04/05/2026
Easter is often spoken about as a time of hope, renewal, and new beginnings.
But when you’re grieving, those words can feel distant, almost like they belong to someone else’s life, and not yours.
The world starts to look a little brighter this time of year. The days stretch out a bit longer and people begin talking about fresh starts and moving forward. And inside, you may be thinking, “how am I supposed to feel any of that when someone I love is missing from it all?”
Here’s the thing…grief doesn’t follow the seasons.
It doesn’t ease just because spring has arrived. In some ways, days like Easter can make the absence feel even worse. Because you remember what these days used to look like. The traditions, the meals, the way their presence filled the room in ways you didn’t fully notice until it was gone.
Now there’s a space where they used to be, and it can feel heavier than ever, even in a season that’s supposed to feel light.
You might find yourself going through the motions, sitting at the table, hearing laughter around you, and yet feeling like you’re somewhere else entirely. Or maybe you’ve stepped away from it this year because it just feels like too much.
Either way, there’s no right or wrong way to move through a day like this. Easter, like every meaningful day after loss, changes. It becomes something different than it once was, a day where joy and sorrow can exist side by side, where memories can bring both comfort and pain in the very same moment.
You might smile at something and then feel the weight of their absence just seconds later.

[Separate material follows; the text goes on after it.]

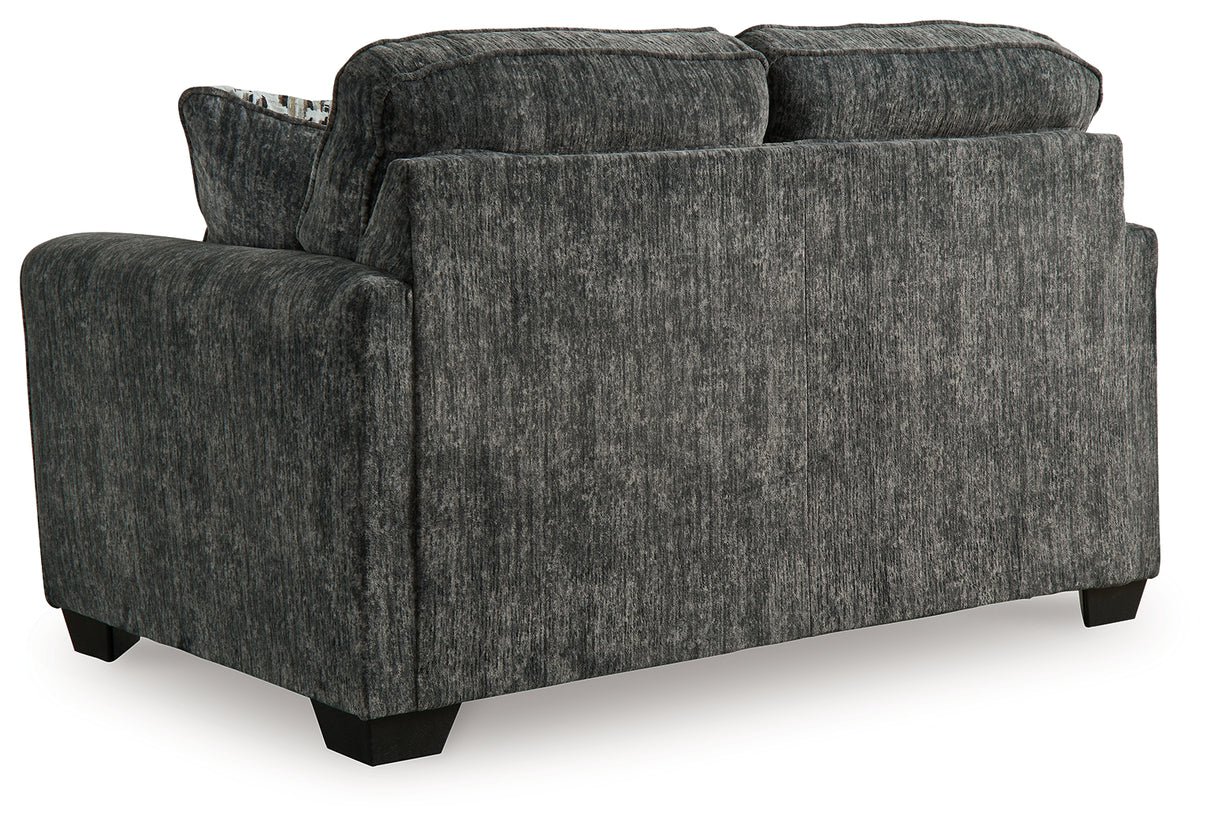Lonoke Gunmetal Living Room Set from Ashley - Luna Furniture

And that doesn’t mean you’re doing anything wrong. It means you’re carrying love. And love doesn’t disappear just because someone’s gone. It finds new places to live in the way you still think of them without even trying.
It’s still there…even when everything else feels different.

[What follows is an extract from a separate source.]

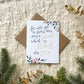 Cards and envelope | For unto you is born this day... | blank inside | Hymn sheet | Encouragement | Greeting | Christmas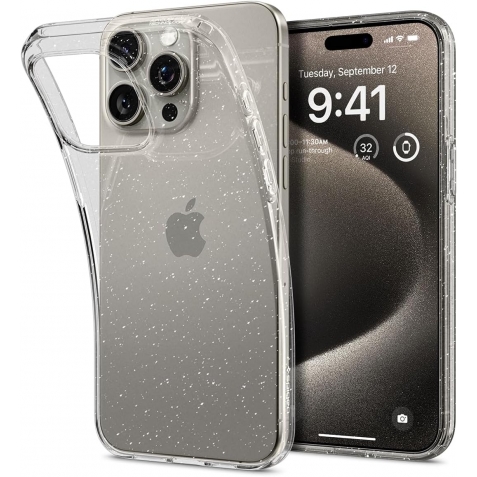 iPhone 15 Pro Max Θήκη Διάφανη Spigen Liquid Crystal Clitter Back Cover Crystal Clear ACS06557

So if Easter feels heavy this year, if it doesn’t look or feel the way it used to, if you’re just trying to make it through the day, that’s enough. You don’t have to force yourself to feel hopeful. You don’t have to celebrate in ways that no longer feel right.
You’re allowed to take this day as it comes, one moment at a time, honoring both what was and what is.
And if you can, maybe find one small way to feel close to them. Not as a way of letting go, but as a way of holding on in a way that fits who you are now.
Because even here in the middle of grief…love still exists.